Julio y Reina son una pareja amable, con una situación desahogada. Tienen una pequeña tienda en casa, Reina trabaja en otra distinta y, además, disponen de un poco de terreno con ganado. Xiomara es su ahijada.
Julio nos explica que aquí el principal bien es el agua. Quien no tiene riego solo puede cultivar durante los meses de lluvia. Aquí el calor es tan intenso que solo se da el maíz de ciclo corto, que en 60 días ya produce elotes. Las lluvias dan para dos cosechas y nada más. Este sistema le garantiza mano de obra abundante a los azucareros, porque la zafra comienza precisamente cuando deja de llover. Y solo los azucareros y los meloneros tienen acceso a riego.

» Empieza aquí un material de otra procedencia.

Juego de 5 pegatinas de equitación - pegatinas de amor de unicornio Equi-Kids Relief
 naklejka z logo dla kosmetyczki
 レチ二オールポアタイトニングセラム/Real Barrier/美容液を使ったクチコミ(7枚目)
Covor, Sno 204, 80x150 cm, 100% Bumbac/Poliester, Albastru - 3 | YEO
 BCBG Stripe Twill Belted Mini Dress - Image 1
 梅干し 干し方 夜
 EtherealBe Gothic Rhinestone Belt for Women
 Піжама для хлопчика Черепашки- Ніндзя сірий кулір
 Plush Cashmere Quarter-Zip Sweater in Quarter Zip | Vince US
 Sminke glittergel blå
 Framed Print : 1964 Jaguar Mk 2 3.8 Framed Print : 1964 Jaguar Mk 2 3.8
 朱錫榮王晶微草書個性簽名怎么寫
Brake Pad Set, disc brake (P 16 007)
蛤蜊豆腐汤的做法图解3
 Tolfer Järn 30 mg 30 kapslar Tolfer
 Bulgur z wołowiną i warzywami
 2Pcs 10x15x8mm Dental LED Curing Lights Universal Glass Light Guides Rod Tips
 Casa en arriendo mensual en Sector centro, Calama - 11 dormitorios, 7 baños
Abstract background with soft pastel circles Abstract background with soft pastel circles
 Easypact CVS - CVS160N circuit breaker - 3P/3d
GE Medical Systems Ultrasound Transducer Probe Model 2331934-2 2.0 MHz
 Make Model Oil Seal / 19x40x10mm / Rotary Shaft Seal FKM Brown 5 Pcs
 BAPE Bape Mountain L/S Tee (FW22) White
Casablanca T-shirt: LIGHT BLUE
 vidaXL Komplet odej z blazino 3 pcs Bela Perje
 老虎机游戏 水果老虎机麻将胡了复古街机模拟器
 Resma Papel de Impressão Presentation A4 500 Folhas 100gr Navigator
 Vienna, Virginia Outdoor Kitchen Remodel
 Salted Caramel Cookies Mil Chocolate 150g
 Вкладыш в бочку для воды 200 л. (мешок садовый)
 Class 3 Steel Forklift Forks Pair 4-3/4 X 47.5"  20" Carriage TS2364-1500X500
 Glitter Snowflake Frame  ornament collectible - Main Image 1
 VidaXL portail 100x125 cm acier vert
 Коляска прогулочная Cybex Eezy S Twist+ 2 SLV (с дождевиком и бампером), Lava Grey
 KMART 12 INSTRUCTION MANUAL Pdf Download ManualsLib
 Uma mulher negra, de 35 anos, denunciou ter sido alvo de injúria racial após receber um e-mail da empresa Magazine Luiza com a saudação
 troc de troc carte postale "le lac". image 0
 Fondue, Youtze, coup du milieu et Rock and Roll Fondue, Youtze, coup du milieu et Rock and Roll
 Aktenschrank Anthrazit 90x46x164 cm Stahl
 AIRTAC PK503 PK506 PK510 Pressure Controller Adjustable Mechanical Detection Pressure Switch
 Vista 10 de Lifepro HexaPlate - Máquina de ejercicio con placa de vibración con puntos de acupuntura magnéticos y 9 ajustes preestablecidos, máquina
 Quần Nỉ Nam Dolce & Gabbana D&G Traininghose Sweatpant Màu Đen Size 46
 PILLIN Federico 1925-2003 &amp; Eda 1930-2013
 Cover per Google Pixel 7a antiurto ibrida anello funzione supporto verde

Xiomara nos lleva a conocer algunos de los proyectos en los que ha colaborado la ong de nuestro amigo en común. Un pequeño puente sobre una quebrada permite que, en invierno, los niños que van a la escuela por la tarde no tengan que esperar durante horas a que el nivel del agua baje para poder regresar a sus casas. Una delgada línea eléctrica que ilumina a la gente que vive en las comunidades más alejadas. Y una pequeña biblioteca en la comunidad de El Cedral. En esta comunidad, a treinta minutos andando de El triunfo, ya no hay cedros, pero si un pequeño espacio limpio y fresco con libros. Hay algunos libros de texto hondureños, bastantes ejemplares de la colección Barco de Vapor con los que muchos españoles aprendimos a leer y clásicos de siempre como La cenicienta y La Celestina. En el Triunfo no hay biblioteca.
Pero el proyecto más importante son las becas que han permitido a algunos niños o niñas, como Xiomara, seguir con sus estudios y graduarse en secundaria de algún oficio. Xiomara estudia para ser maestra y nos lleva a conocer a Lucy y Alida, las maestras de El Cedral.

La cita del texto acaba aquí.